Dark streaks running down Martian slopes have stymied scientists for years, with researchers divided as to whether they are cause by flowing water.
A groundbreaking new study analyzing the structure of these features, aptly called slope streaks and recurring slope lineae (RSL), with the help of artificial intelligence sifted through over half a million of those and has made the call that it’s not wet, instead it’s likely bone dry and formed by dust and wind.
The study, performed by researchers from Brown University and the University of Bern, trained a machine learning algorithm on tens of thousands of high-resolution images taken by NASA’s Mars Reconnaissance Orbiter.
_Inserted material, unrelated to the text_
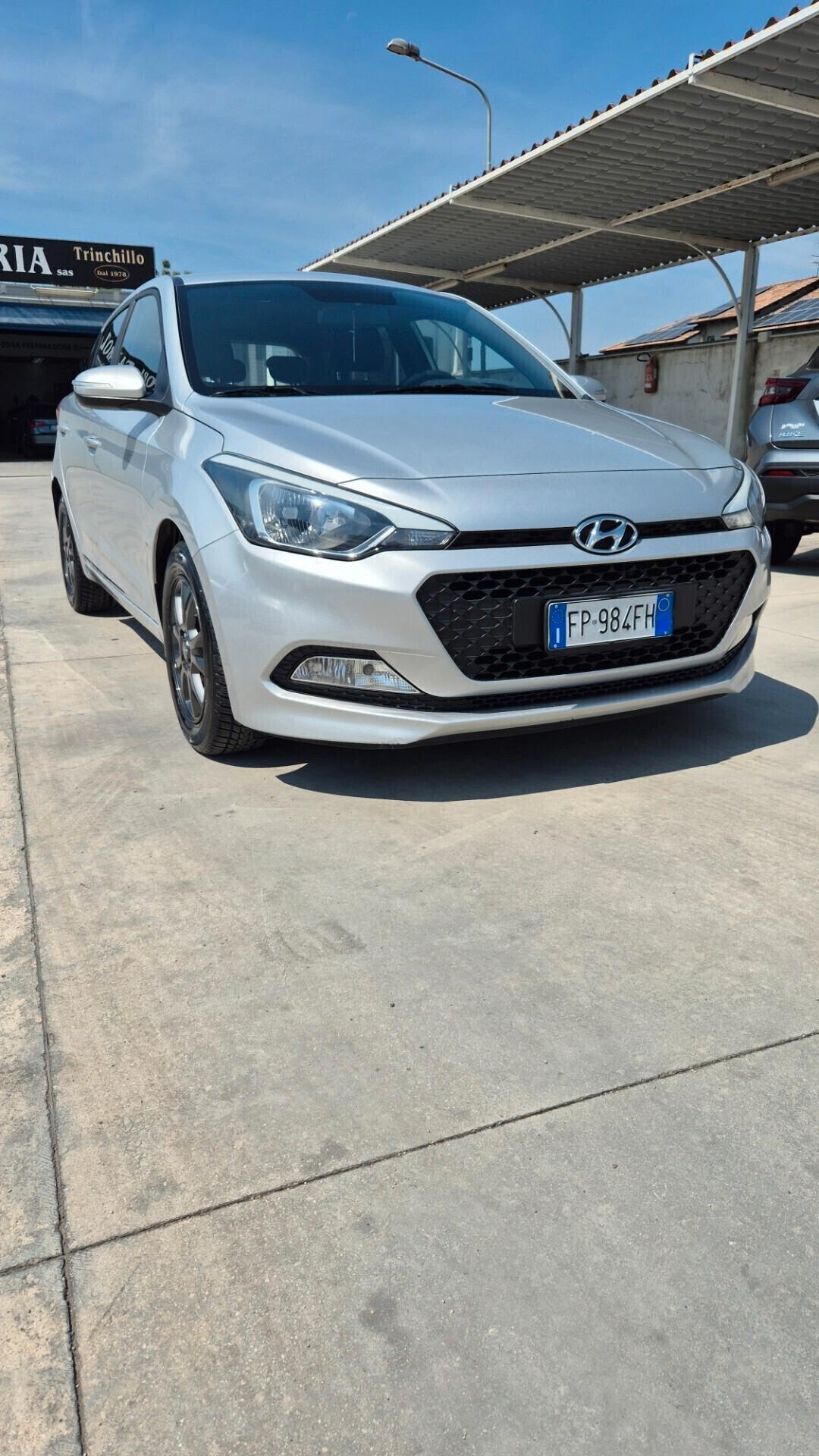 Hyundai i20 1.1 CRDi 12V 5 porte Blackline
This enabled them to compile the first worldwide map of more than 500,000 separate slope streaks. Comparing this map with different environmental parameters such as temperature, wind speed, dust deposition and surface hydration, the AI found that the streaks were well correlated with areas of high wind activity and dust coverage, but not so much when it came to water or frost.
These features, some of them 300 or more meters long, materialize on steep, dusty slopes for no obvious reason. Benard: RSL are not stable as are the streaks, which are persistent over a substantial part of a year or even all year, but are transient phenomena, appearing at some time of the year in the warm seasons, and disappearing afterwards.
AI analysis has suggested that these flow features are probably caused by small dust particles being knocked loose by high-speed winds, little meteorite impacts, or even slight marsquakes, and then flowing fluidly downhill, moving like liquid across the landscape thanks in part to the super-fine nature of the dust and the low gravity of Mars.
This find has major implications for our picture of the Martian surface and its potential to support life as we know it; life as we know it needs liquid water.
The results indicate that the present Martian environment is even drier than previously considered, limiting the possibility of near-surface habitable niches at these streak locations.
Moreover, this study has some significance for Mars exploration. Altogether, these desiccation cracks were once labeled as “special regions” since, even if they contain presumptive water, few if any planetary protection protocols are in place to protect from off-world organisms.
The recent evidence supporting a dry origin of the Moon may help to put those fears to rest, as it could lead to more leniency in the types of missions we are able to pursue.
The fact that AI could be successfully applied to a dataset of this magnitude shows how powerful machine learning is becoming in planetary science, able to find subtle patterns and correlations that would be difficult, if not impossible, to detect using traditional methods, researchers said.
The finding represents a major breakthrough in solving a Martian mystery, and is an important contribution at a time when humanity has set its sights on new horizons in space exploration and discovery thanks in no small part to AI.